In order to run your analysis, you can use a pre-existing container environment created by a third party. For example python:3.8 for Python programs or gitlab-registry.cern.ch/cms-cloud/cmssw-docker/cc7-cms for CMS Offline Software framework. In this case you simply specify the container name and the version number in your workflow specification and you are good to go. This is usually the case when your code does not have to be compiled, for example Python scripts or ROOT macros.

Note also that REANA offers a set of containers that can serve as examples about how to containerise popular analysis environments such as:

Building your own environment

Other times you may need to build your own container, for example to add a certain library on top of Python 2.7. This is the most typical use case that we’ll address below.

This is usually the case when your code needs to be compiled, for example C++ analysis.

If you need to create your own environment, this can be achieved by means of providing a particular Dockerfile:

# Start from the Python 2.7 base image:
FROM python:2.7

# Install HFtools:
RUN apt-get -y update && \
    apt-get -y install \
       python-pip \
       zip && \
    apt-get autoremove -y && \
    apt-get clean -y
RUN pip install hftools

# Mount our code:
ADD code /code
WORKDIR /code

You can build this customised analysis environment image and give it some name, for example johndoe/myenv:

$ docker build -f environment/myenv/Dockerfile -t johndoe/myenv .

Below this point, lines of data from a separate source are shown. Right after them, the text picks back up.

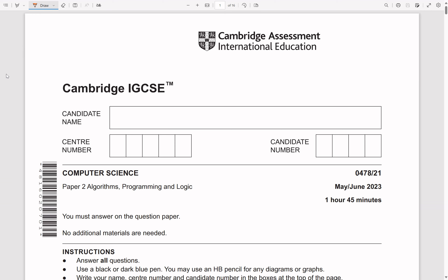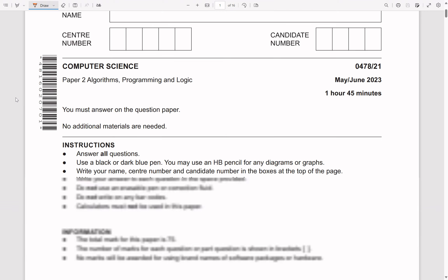Welcome back guys. Today we'll look at Paper 2 Variant 21 of the May/June 2023 series. This video will probably be quite long, so I would recommend watching at 1.25 or even 1.5 speed.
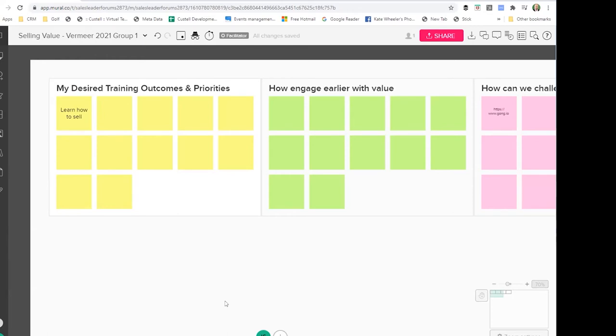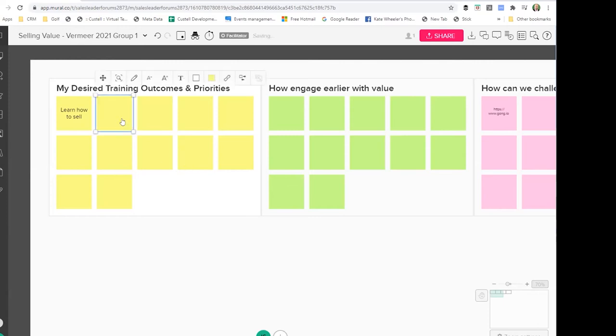So have that in mind, decide what you want to learn in the training program, what real specific outcomes you want to achieve, and be ready to put that in when we get together. You can see there, you simply click on the sticky label, then key in and click off it.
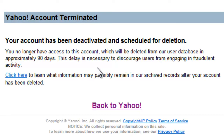What this means is that right now your account has not been fully deleted, but it has been deactivated. That means other people can access your profile but they won't be able to send any emails.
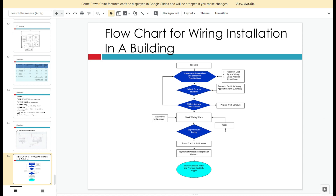Based on the load calculation, you decide whether to use single phase or three phase, and what type of distribution substation is needed — single or double chamber, one or two transformers. As an engineer, you also have to submit documents and forms to the relevant authorities for approval.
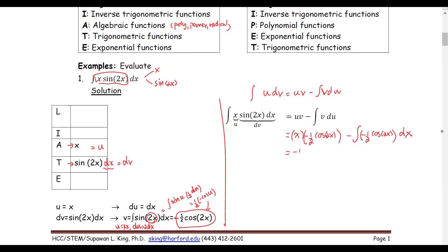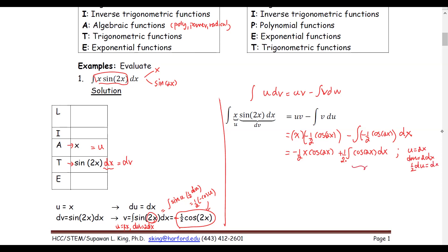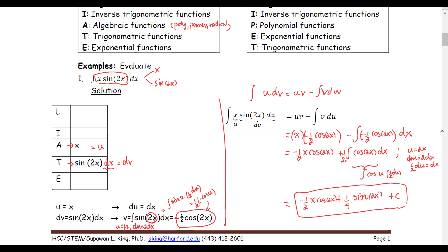Simplifying: −(1/2)x·cos(2x) plus (1/2) times the integral of cos(2x) dx. Using u-substitution again with u = 2x, du = 2 dx, this integral becomes (1/2)·integral of cos(u)·(1/2) du = (1/4)sin(u) = (1/4)sin(2x). The final result is −(1/2)x·cos(2x) + (1/4)sin(2x) + C.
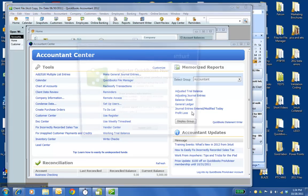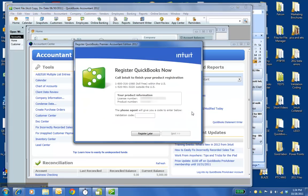And this will bring up a Register QuickBooks Now window. It'll have your license and product number. And then you would just put in the six-digit validation code that you get from your Intuit account manager or the person you contacted Intuit on the phone. And then click Next. Next will become active and then it'll say thank you for registering QuickBooks.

and push the created image to the DockerHub image registry:

$ docker push johndoe/myenv

Supporting arbitrary user IDs

In the Docker container ecosystem, the processes run in the containers by default, uses the root user identity. However, this may not be secure. If you want to improve the security in your environment you can set up your own user under which identity the processes will run.

In order for processes to run under any user identity and still be able to write to shared workspaces, we use a GID=0 technique as used by OpenShift:

  • UID: you can use any user ID you want;
  • GID: your should add your user to group with GID=0 (the root group)

This will ensure the writable access to workspace directories managed by the REANA platform.

For example, you can create the user johndoe with UID=501 and add the user to GID=0 by adding the following commands at the end of the previous Dockerfile:

# Setup user and permissions
RUN adduser johndoe -u 501 --disabled-password --gecos ""
RUN usermod -a -G 0 johndoe
USER johndoe

Testing the environment

We now have a containerised image representing our computational environment that we can use to run our analysis in another replicated environment.

We should test the containerised environment to ensure it works properly, for example whether all the necessary libraries are present:

$ docker run -i -t --rm johndoe/myenv /bin/bash
container> python -V
Python 2.7.15
container> python mycode.py < mydata.csv > /tmp/mydata.tmp

Multiple environments

Note that various steps of your analysis can run in various environments; for instance, the step to perform the data filtering on a big cloud, having data selection libraries installed, or the step to build the data plotting in a local environment, containing only the preferred graphing system of choice. You can prepare several different environments for your analysis if needed.